BONN, August 2. The German Federal Press Office wants to turn fifteen million German tourists vacationing abroad into ambassadors for the Federal Republic. A five-part advertisement series created with the help of caricaturist Pit Flick deals with prejudices against Germans, as well as prejudices held by them (after all, next year will see the first direct election to the European Parliament). The project was prompted by demographic research on the image of Germans abroad. Conclusion: we really aren’t that ugly after all.
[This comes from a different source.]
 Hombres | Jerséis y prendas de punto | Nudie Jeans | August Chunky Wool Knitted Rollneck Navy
The first product of this research recently appeared in magazines: camera-wielding, snorkel-wearing Teutons in recreational-vehicle convoys, descending upon their hosts from above. The welcome sign is written in vacation-colony-German, as can actually be found in some “Southern German Zones.” For instance: “Reel Geman koffie” or “Fig-knuckles with sauerkraut.” Then comes the government’s suggestion to German vacationers: seek out contact with local residents instead of huddling together in beachfront high-rises and resorts. The London Times has already responded in a friendly fashion. After this initial, tone-setting ad, come the next four, which deal with common prejudices held by our neighbors; each appears under the heading: “European vacation in 1978: Germany is worth talking about.”
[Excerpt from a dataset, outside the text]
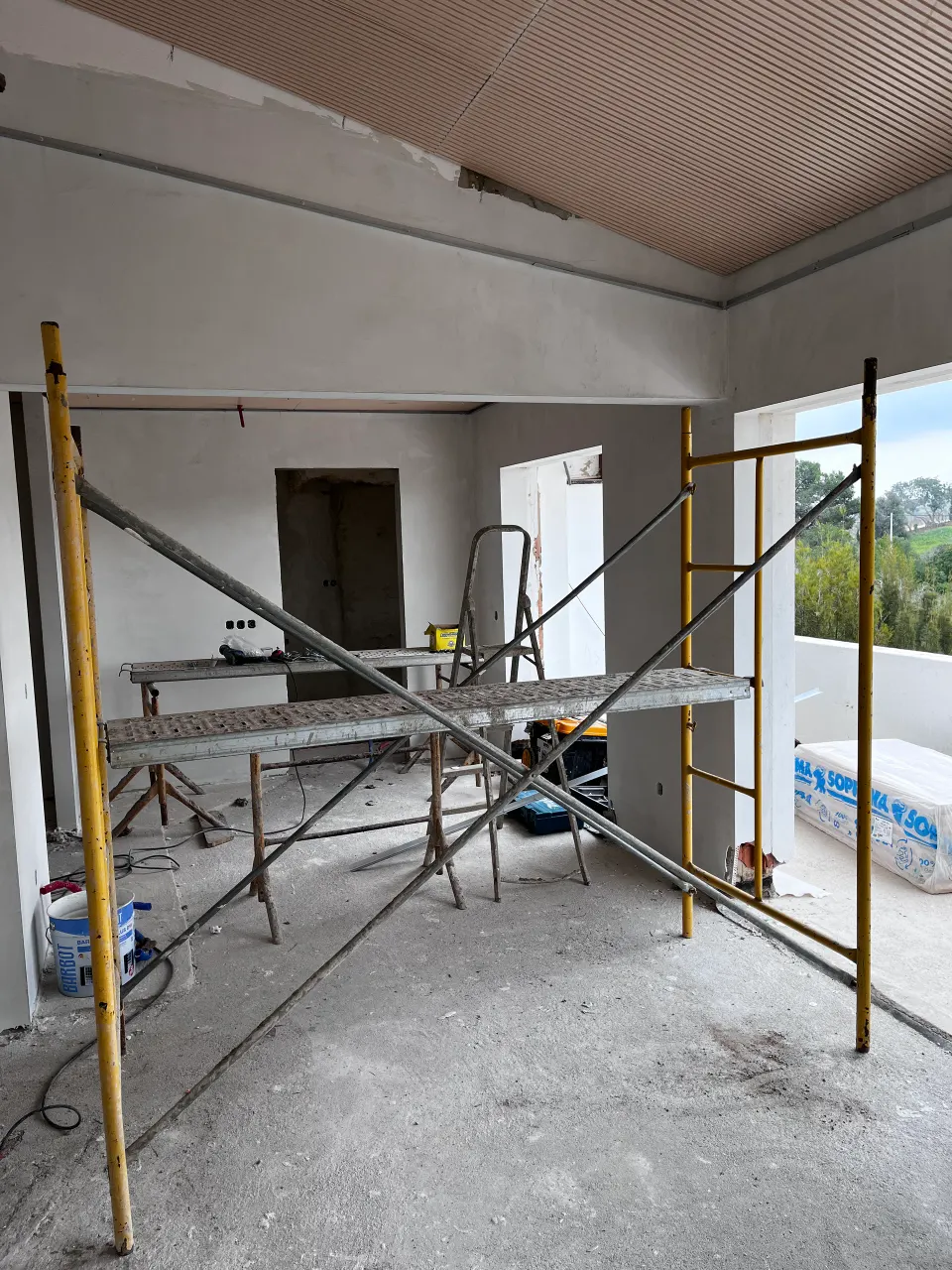 Moradia: paredes e tetos em gesso cartonado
The first prejudice that is caricatured and challenged: “Germans really only enjoy one thing: working.”

You see industrious construction workers building a giant D, that is, a blueprint for Deutschland (an ironic allusion to the campaign slogans of the chancellor’s party). First, each ad acknowledges the truth in each prejudice: in the past few decades, people in Germany have indeed worked long and hard, because Germans have had to rebuild a livable country from rubble and ruins. Then statistics challenging German “workaholism” are introduced: 92 percent of the labor force works a 40-hour, five-day week; 88 percent of the labor force has four weeks of annual vacation; 750,000 citizens are in voluntary early retirement thanks to the flexible retirement age. As for the catchphrase “dog-eat-dog society,” the government wants our ambassadors in swimming trunks to know that the German federal government spends one-third of its 200 billion DM annual budget on social services, and that there are effective laws against unbridled competition. For example, there is the antitrust law, the right of codetermination, the Works Constitution Act, the tenant law (not all of these laws are popular with the CDU/CSU opposition).